Reading The Australian newspaper is normally a very distressing thing for me – the underweight ballerinas/models, the overweight businessmen/politicians, a Cartesian smorgasbord for privatised relations of avoidance – so I generally leave it alone. However I've been privy to free copies over coffee these past few mornings and so was again inclined to dip in. The more fool I.

This is the letter to the editor I wrote out of G20-despair.

Michael Stutchbury's anthropogenic economics, as displayed in 'Earning seat at the table' (Opinion, 29 September), again ignores the relationship between global growth capitalism and the rapidly unfolding Global Ecological Crisis (GEC). Stutchbury champions an economics that is a short-term abstraction – our standard of living has peaked in correlation with global oil supplies – climate change and energy descent will shortly reveal why his favoured economics is a nonsense and how it is at the root of the GEC. An economics based upon a cyclical, reciprocal system is what we need to move quickly towards. To continue to herald a broken-cycle system which will make the Earth uninhabitable is sheer idiocy.
But I'm not waiting around for The Australian to publish such views, it feels like many years off, if ever.
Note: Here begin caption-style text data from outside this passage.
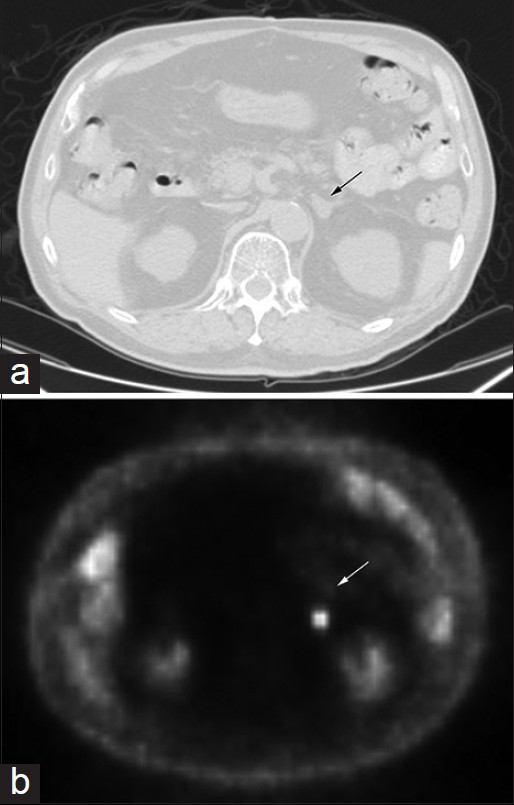 Images of computed tomography (a) and corresponding positron emission tomography (b) scan of the patient's abdomen showing the adrenal mass (arrow), 1.5 cm in diameter and standardized uptake value of 9.8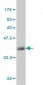 MUC5AC Antibody (monoclonal) (M07)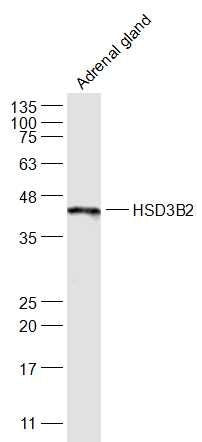 Western blot (WB) analysis of HSD3B polyclonal antibody at 1:1000 dilution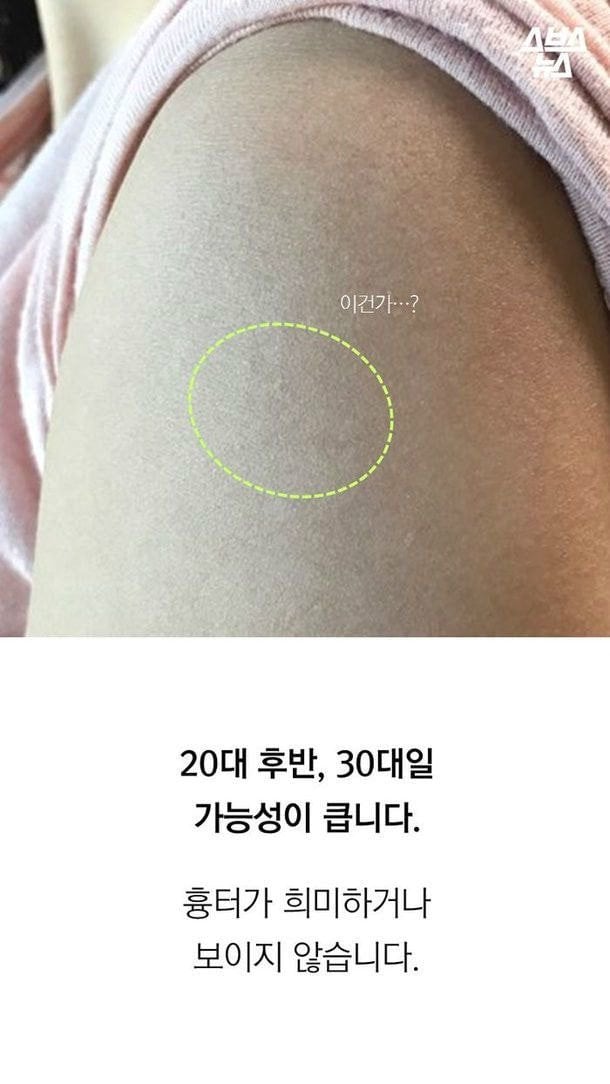 진짜 애기들한테서만 볼 수 있는 불주사자국...jpg | 인스티즈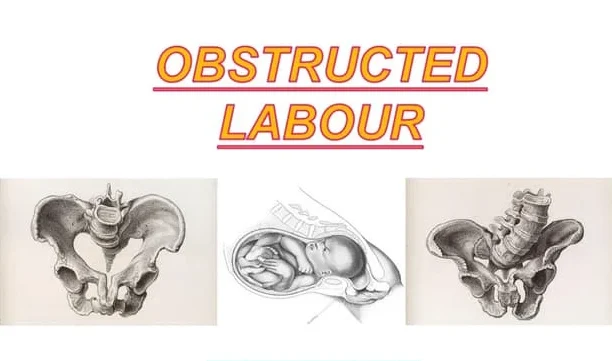Obstructed Labour | Chapter 13 | Midwifery For Diploma In Nursing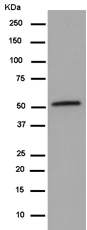 Western blot - Anti-MGAT1 antibody [EPR14247] (AB180578)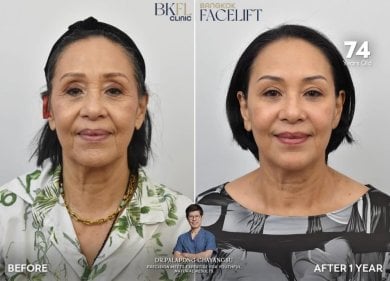Efekty liftingu szyi przed i po w BKFL Clinic – widoczne odmłodzenie po roku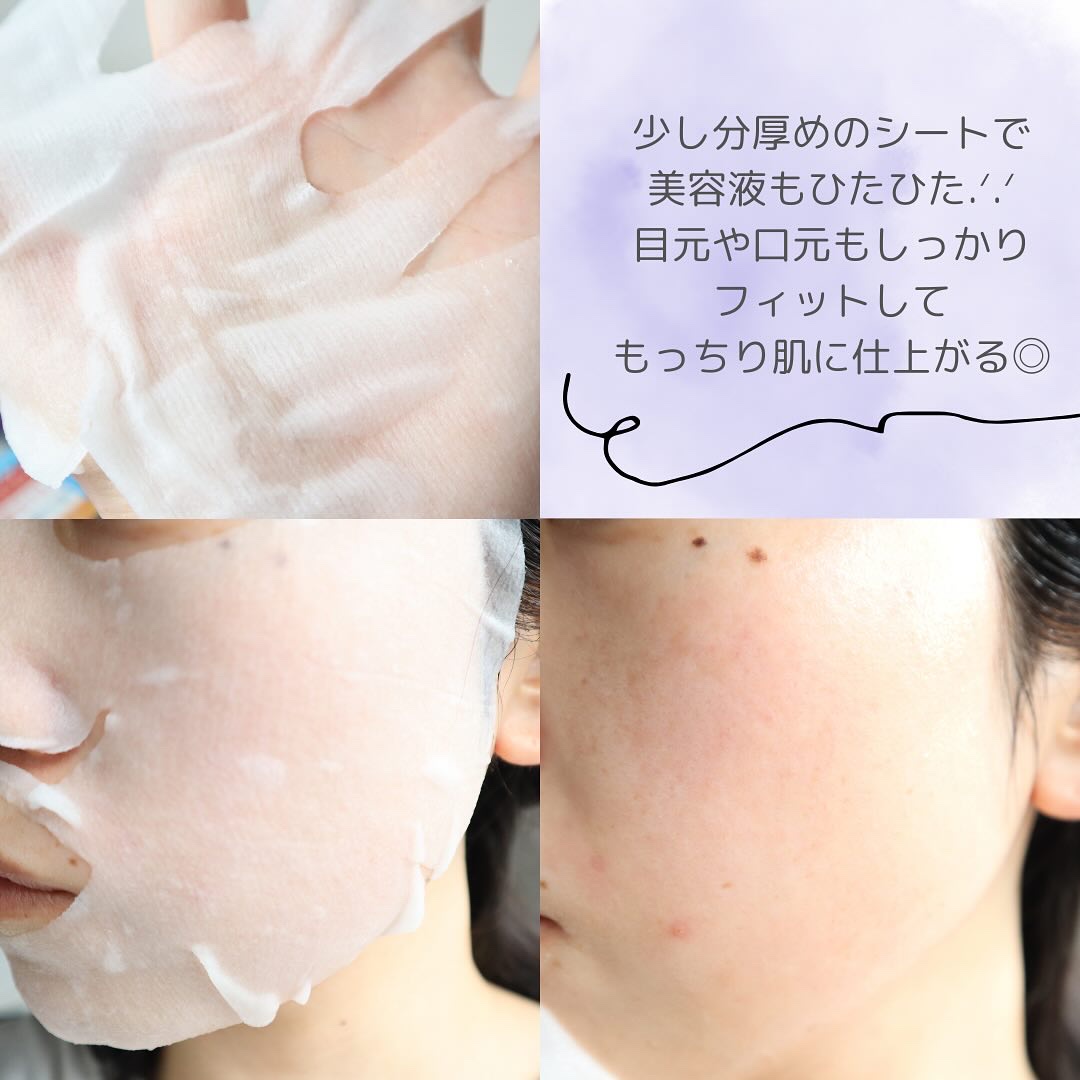ルルルン ハイドラ EX マスク/ルルルン/シートマスク・パックを使ったクチコミ（2枚目）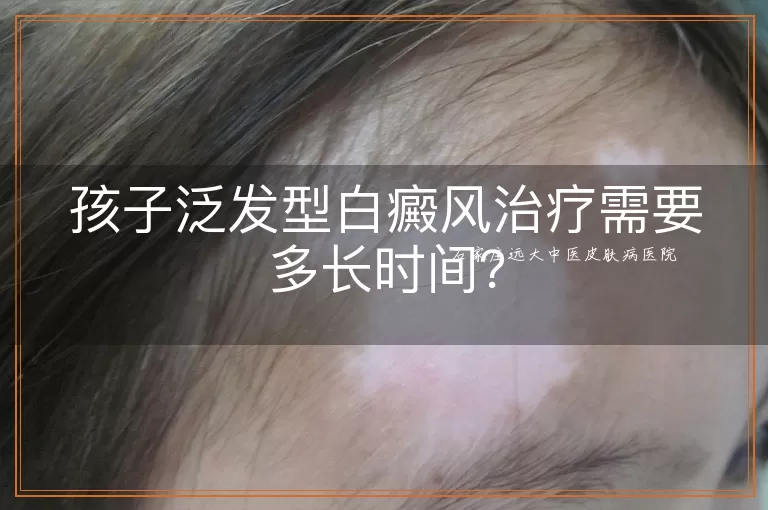 孩子泛发型白癜风治疗需要多长时间？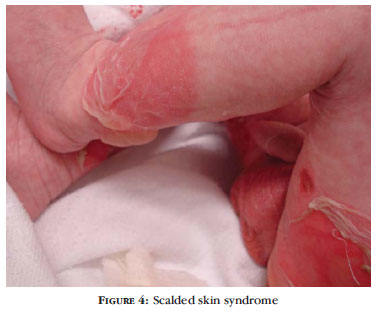 Staphylococcal scalded skin syndrome in an infant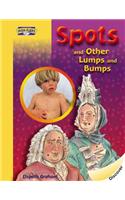 Spots and Other Lumps and Bumps: (High-Fliers)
In the meantime here's where our gleaning waste as family holiday project has gotten us so far.


Anthropogenic fruits

Saturday, September 26, 2009

Otherwise known as pop-fascism.

From our project over here.


Rain on my brain

Tuesday, September 22, 2009

It has been really wet here. I like to think Josh, Ziggy and I had something to do with it. We went into the bush a few days ago and Rain Dance is what we came out with. I guess you'd call this a Peej video clip, but shaking off the stiffness of late winter without spending a dollar is a more accurate description. I'm off to Newcastle tomorrow as one-third of the Artist as Family trio. You can follow our movements by clicking on the AAF link. This music vid is a timely loosen up for a warmer climate – Newcastle NSW, and more generally the planet – a low-carbon, non-specialised, free idiocy. Enjoy!

Thanks to Josh and Ziggy for their added flavour – I set out to do this solo and bumped into Josh beforehand. You can't beat chance! And thanks to Meg for her editing suggestions and general critical eye for loose m'goose activity. You can't beat critique, love and support!


Cartesian Wells

Saturday, September 19, 2009

The first online site I created was justfreewater, a site dedicated to platforming the woes of bottled water. In the past three years since I began that site I have enjoyed watching greater public awareness and a broader debate around bottled water. During this time I have spent many hours putting together a comprehensive picture of our local situation while concurrently finding out more about the global pattern of privatising this fundamental public resource. My film Lalgambook (Mt Franklin) attempts to communicate, via poetical terrorism rather than journalistic rationalism, the link between the occupation of Aboriginal land and genocide of Aboriginal people in the nineteenth century and the occupation of public water and ecocidal practices of the bottled water industry today in the same region, which I call home. 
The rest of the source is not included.